Although we don't believe in timing the market or panicking over market movements, we do like to keep an eye on big changes -- just in case they're material to our investing thesis.
Investors dumped shares of Waste Management (NYSE:WM) on Tuesday, sending the stock lower by as much as 5.2% this afternoon to trade around $41.44 per share. The move comes after Waste Management before the bell reported fourth-quarter earnings that failed to live up to Wall Street's expectations for both earnings and revenue. However, there could be an even bigger problem for the company going forward. Let's take a closer look.
For the three-month period ended in December, Waste Management generated earnings of $0.56 per diluted share, while analysts were looking for earnings per share of $0.61. This $0.05 miss was underscored by lower than expected quarterly revenue, which inched up just 1.9% to $3.5 billion in the quarter. Wall Street had estimated revenue of $3.58 billion.
In addition to its quarterly results, Waste Management said it approved a 2.7% increase in the company's planned quarterly dividend to $0.37 per share, up from $0.36 a share. This means Waste Management will now pay an annual dividend of $1.50 per share. The hike also marks the 11th consecutive year the board has increased its payout. Moreover, Waste Management said it returned more than $900 million to shareholders in 2013 through dividends and share repurchases.
Down in the dump
Unfortunately, the dividend news wasn't enough to move the company's stock in the right direction today. Waste Management's shares continued to move into the red as concerns surfaced about the company's future prospects.
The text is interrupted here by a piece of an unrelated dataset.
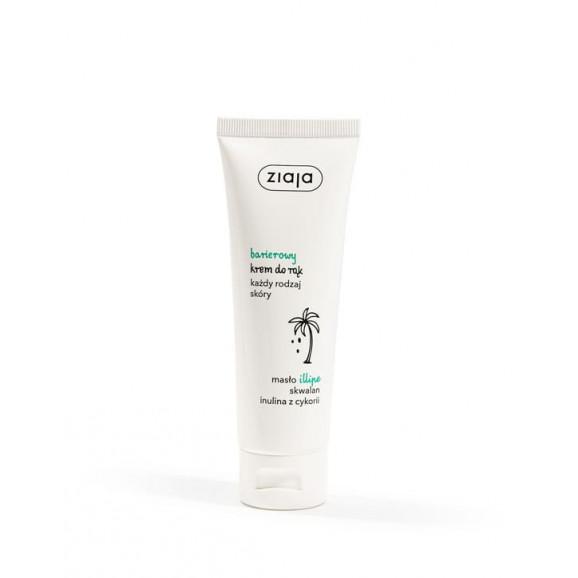 Ziaja, barierowy krem do rąk do każdego rodzaju skóry, 80 ml Ziaja, barierowy krem do rąk do każdego rodzaju skóry, 80 ml - zdjęcie produktu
Weak recycling trends remain a challenge for the company. Waste Management said recycling operations hurt earnings by as much as $0.03 per share in the fourth quarter, and negatively affected full-year earnings by as much as $0.12 per diluted share.
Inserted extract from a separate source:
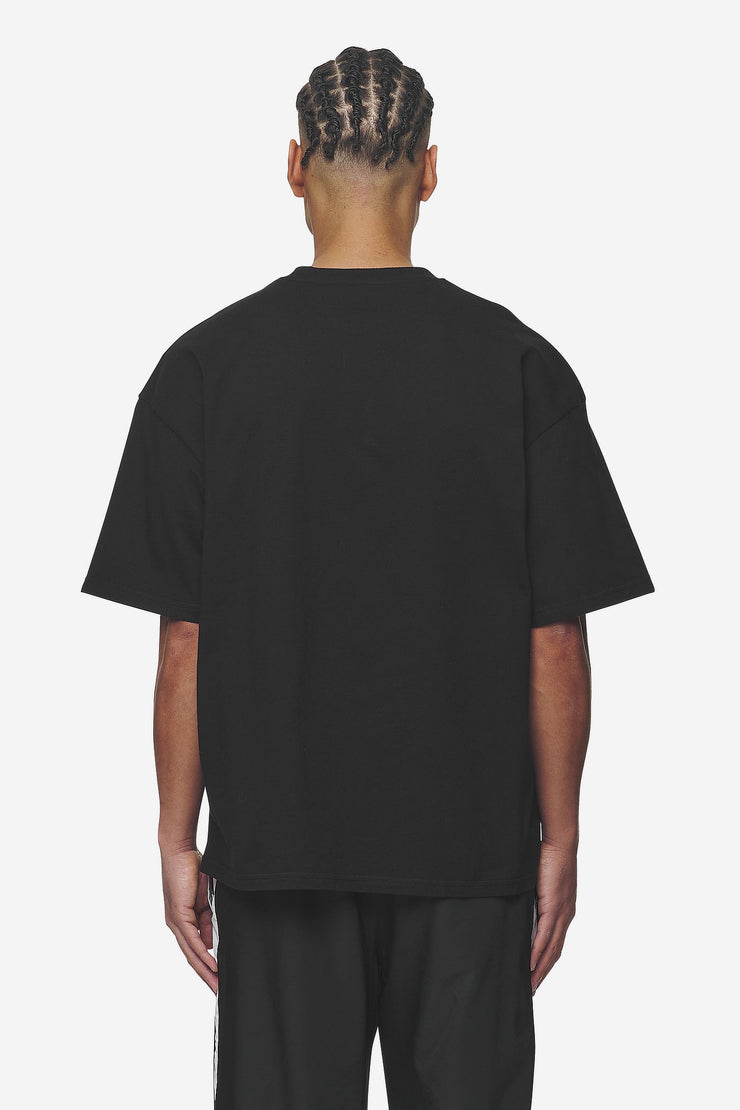 Pegador Elgin Boxy Tee Washed Black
Looking ahead, the company expects its recycling business to remain flat in 2014. The cost of recycling has increased 10%, according to data from Morningstar. As costs increase, Waste Management is being forced to rethink its approach in hopes of securing higher returns from its recycling business.
Ongoing concerns involving the broader waste sector may also be contributing to the stock's slump today. Last week, Credit Suisse said the sector could underperform in the first half of the year because of the low inflationary environment. Shares of Waste Management are down nearly 3% so far this year. However, they may have farther to fall if pricing in the waste sector is slow to recover in 2014.